%%

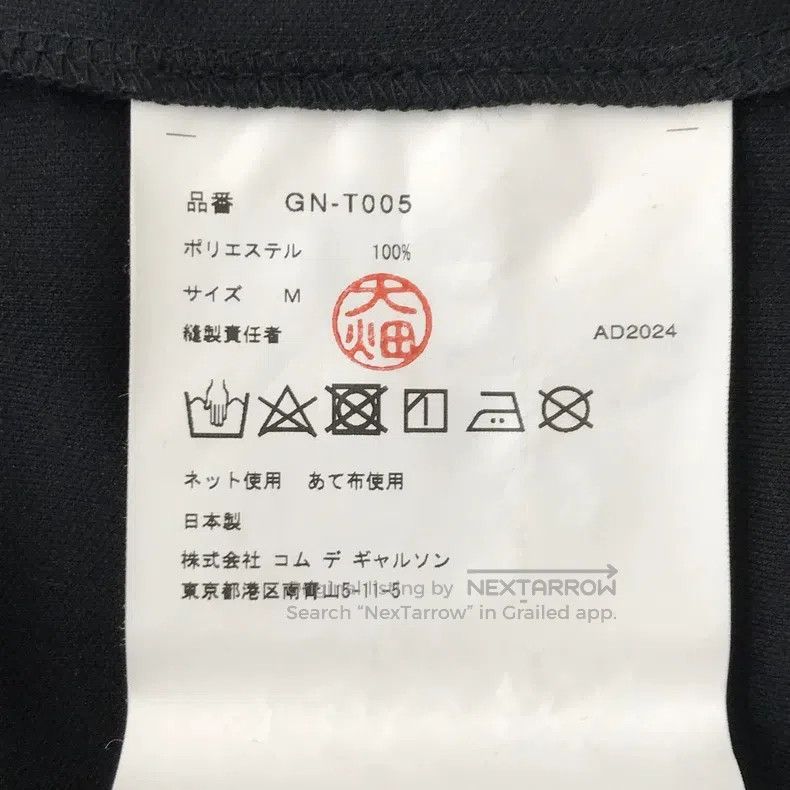 Comme des Garcons Comme Des Garcons Main line frill top Size M / US 6-8 / IT 42-44 - 8 Thumbnail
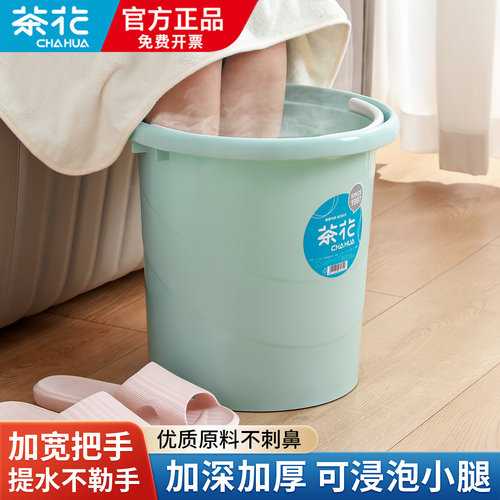 茶花泡脚桶家用女士养生泡脚过小腿儿童洗脚桶2025新款宿舍足浴桶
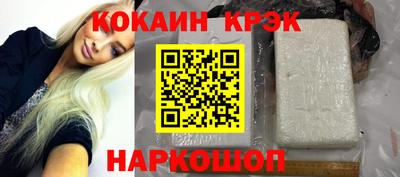 ALPHA PVP Татарск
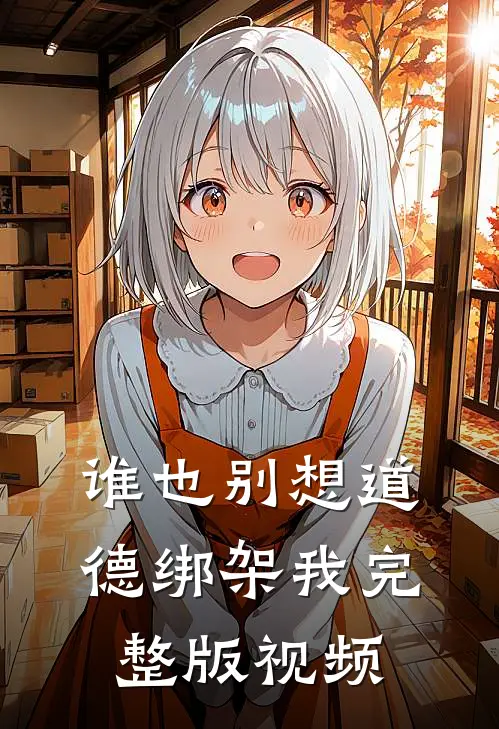谁也别想道德绑架我完整版视频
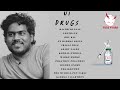 Yuvan Hits Songs Love Songs U1 Songs Yuvan Songs Yuvan Feeling Songs Love Feeling Songs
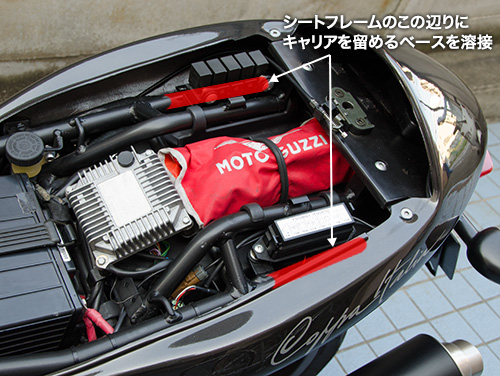 moto guzzi v11 シングルシート V11 入手して20年 いろいろまとめ
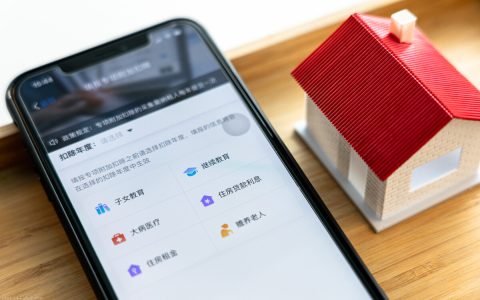 买房需交哪些税费
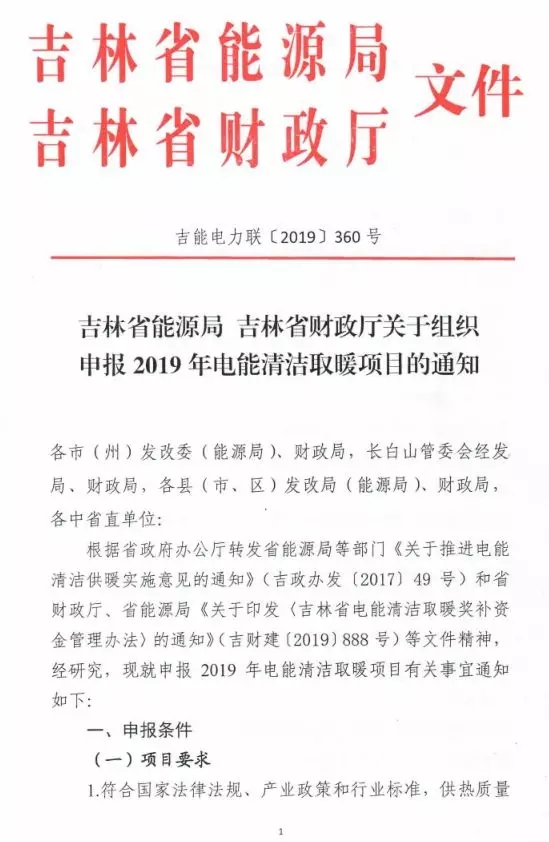 1227吉林1.webp.jpg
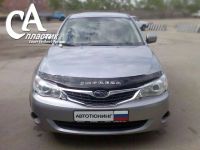 Лот: 8417631. Фото: 2. Дефлектор капота CA (мухобойка... Автохимия, масла, тюнинг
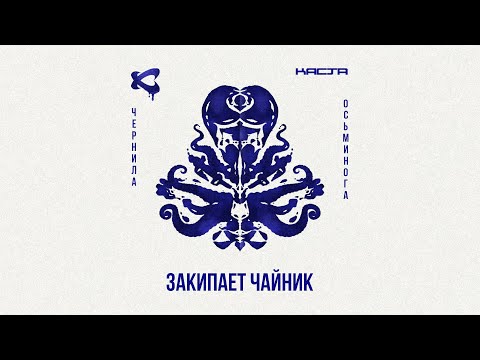 Каста - Закипает чайник видео (клип)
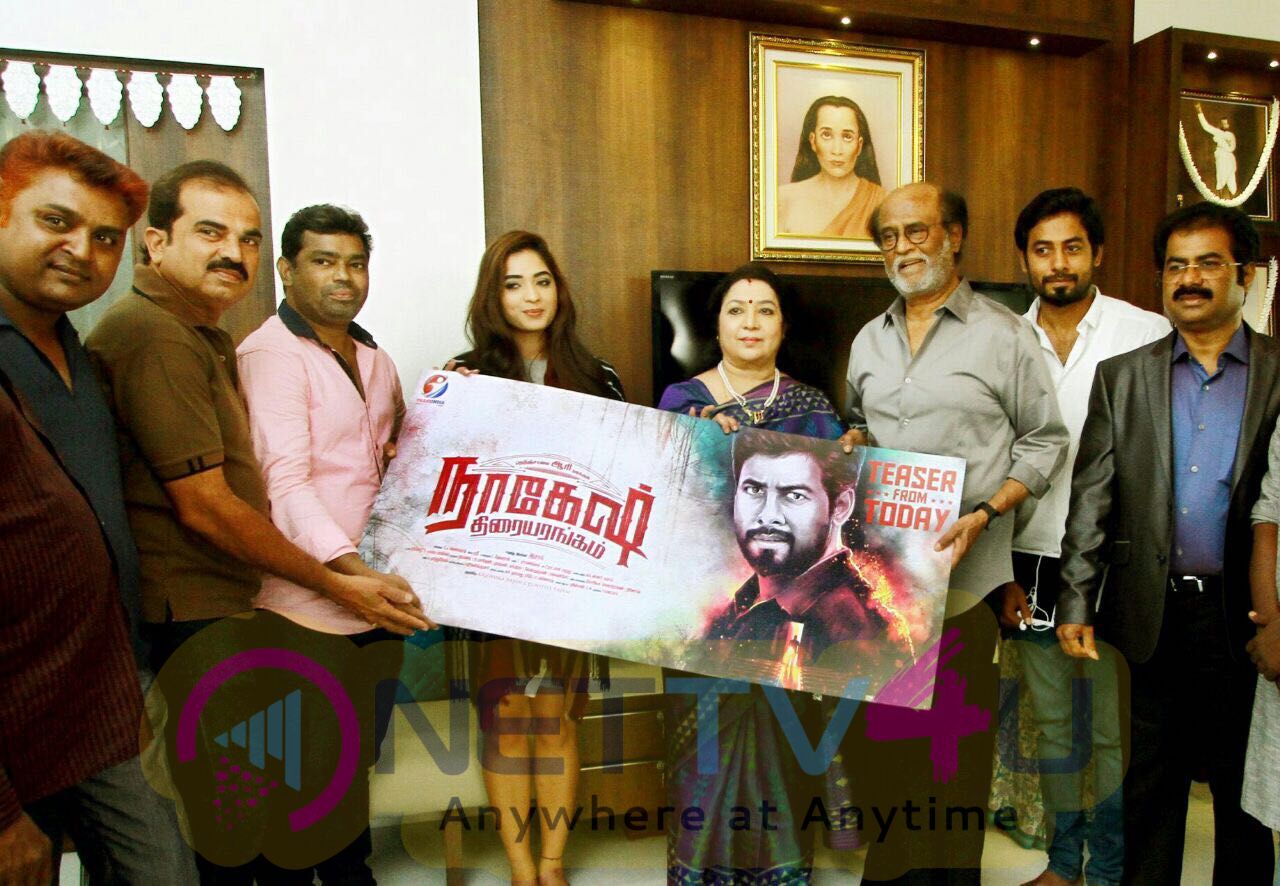  NageshThiraiyarangam Movie Teaser Launched By Superstar Rajinikanth Tamil Gallery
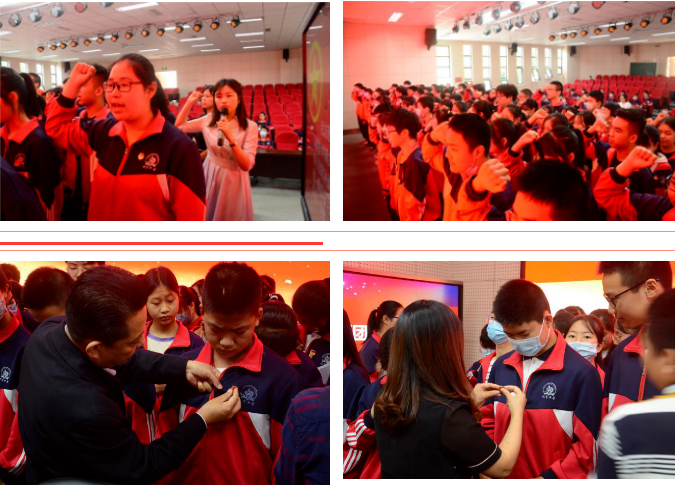 营山县化育中学举行学习习近平总书记五四讲话精神暨2020年新团员入团宣誓仪式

%%

Assigned task:
With the pictures dropped, write out all of the entries word for word.

Written response:
 Comme des Garcons Comme Des Garcons Main line frill top Size M / US 6-8 / IT 42-44 - 8 Thumbnail
 茶花泡脚桶家用女士养生泡脚过小腿儿童洗脚桶2025新款宿舍足浴桶
 ALPHA PVP Татарск
谁也别想道德绑架我完整版视频
 Yuvan Hits Songs Love Songs U1 Songs Yuvan Songs Yuvan Feeling Songs Love Feeling Songs
 moto guzzi v11 シングルシート V11 入手して20年 いろいろまとめ
 买房需交哪些税费
 1227吉林1.webp.jpg
 Лот: 8417631. Фото: 2. Дефлектор капота CA (мухобойка... Автохимия, масла, тюнинг
 Каста - Закипает чайник видео (клип)
  NageshThiraiyarangam Movie Teaser Launched By Superstar Rajinikanth Tamil Gallery
 营山县化育中学举行学习习近平总书记五四讲话精神暨2020年新团员入团宣誓仪式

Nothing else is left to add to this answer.